You're closing the page in the wrong place,and putting everything into the for loop like below along with increasing the viewport size would solve your problems.
const puppeteer = require("puppeteer");
let browser;
(async () => {
async function getResults(lnk) {
let results = [];
const timeFrames = [1, 5, 15];
for (const i of timeFrames) {
const browser = await puppeteer.launch({headless: true});
const page = await browser.newPage();
await page.setUserAgent("Mozilla/5.0 (Windows NT 10.0; Win64; x64) AppleWebKit/537.36 (KHTML, like Gecko) Chrome/66.0.3359.181 Safari/537.36");
await page.setViewport({width: 1920, height: 1080});
const url = `${lnk}?timeFrame=${i * 60}`;
console.log(url);
await page.goto(url, {waitUntil: "networkidle2", timeout: 70000});
await page.waitForSelector('section.forecast-box-graph');
const status = await page.$eval("section.forecast-box-graph .title", el => el.textContent);
const bank_name = await page.$eval("h1.main-title.js-main-title", (el) => el.textContent.trim());
results.push({
bankName: bank_name,
status: status,
lnk: lnk.replace(/-/g, ' ').split('/').pop(),
url: url
});
await browser.close();
}
return results;
}
console.log( await getResults('https://in.investing.com/equities/axis-bank-technical'));
})().catch(err => console.error(err)). finally(() => browser?. close());
How to run on Render (source)
package.json - add the following dependencies
"dotenv": "^16.0.3",
"express": "^4.18.2",
"puppeteer": "^20.1.2"
index.js
const express = require("express");
const { scrape } = require('./scrape');
const app = express();
const PORT = process.env.PORT || 3000;
app.get("/scrape", (req,res) => {
scrape(req.query.url,res);
});
app.get("/", (req, res) => {
res.send("test is running");
});
app.listen(PORT, () => {
console.log(`Listening on port ${PORT}`);
});
DockerFile
FROM ghcr.io/puppeteer/puppeteer:20.1.2
ENV PUPPETEER_SKIP_CHROMIUM_DOWNLOAD=true \
PUPPETEER_EXECUTABLE_PATH=/usr/bin/google-chrome-stable
WORKDIR /usr/src/app
COPY package*.json ./
RUN npm ci
COPY . .
CMD [ "node", "index.js" ]
scrape.js - modify the above code a bit
const puppeteer = require('puppeteer');
require("dotenv").config();
const scrape = async (lnk,res) => {
const browser = await puppeteer.launch({
headless: true, // "new" gives error on render
args: [
"--no-sandbox",
"--disable-setuid-sandbox",
"--disable-dev-shm-usage",
"--single-process",
"--no-zygote",
],
executablePath:
process.env.NODE_ENV === 'production'
? process.env.PUPPETEER_EXECUTABLE_PATH
: puppeteer.executablePath(),
});
let results = [];
const timeFrames = [1, 5, 15];
for (const i of timeFrames) {
const page = await browser.newPage();
const url = `${lnk}?timeFrame=${i * 60}`;
console.log(url);
try {
await page.setUserAgent("Mozilla/5.0 (Windows NT 10.0; Win64; x64) AppleWebKit/537.36 (KHTML, like Gecko) Chrome/66.0.3359.181 Safari/537.36");
await page.setViewport({width: 1920, height: 1080});
//skip loading non-essentials
await page.setRequestInterception(true);
await page.on('request', async (req) => (/image|imageset|media|stylesheet|font|script/.test(req.resourceType()) && !req.isInterceptResolutionHandled())

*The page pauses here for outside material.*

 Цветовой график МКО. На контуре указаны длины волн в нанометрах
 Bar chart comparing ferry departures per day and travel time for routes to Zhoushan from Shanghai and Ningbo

? await req.respond({status: 200, body: 'aborted'})
: await req.continue()
);
await page.goto(url, {waitUntil: "load", timeout: 7000});
await page.waitForSelector('section.forecast-box-graph');
const status = await page.$eval("section.forecast-box-graph .title", el => el.textContent);
const bank_name = await page.$eval("h1.main-title.js-main-title", (el) => el.textContent.trim());
results.push({
bankName: bank_name,
status: status,
lnk: lnk.replace(/-/g, ' ').split('/').pop(),
url: url
});
} catch (err) {
results.push({
url : url,
lnk: lnk.replace(/-/g, ' ').split('/').pop(),
error : err
});
} finally {
await page.close();
}
}
res.send(results);
await browser.close();
};
module.exports = {scrape};
.gitignore
/node_modules
- push everything to a new github repository,
- open Render, create NEW webservice, connect or add your git repository
- Name: anything, Runtime : should be Docker,
- click Advanced, add environment variable
- key: PUPPETEER_SKIP_CHROMIUM_DOWNLOAD, value: true
- key: PUPPETEER_EXECUTABLE_PATH, value: /usr/bin/google-chrome-stable
- click Create Web Service
- wait until setup is complete, and go to the
<URL>
it gives you, you'll see the 'test is running' message.
- next go to
<URL>/scrape?url=https://in.investing.com/equities/axis-bank-technical
and you'll get the result
Note(s) :
waitUntil
can be changed from "load"
to "networkidle0"
or "networkidle2"
, they all work.
- Changing
headless: true
to headless: "new"
as the deprecation warning suggests, gives errors on Render, even-though it works fine locally.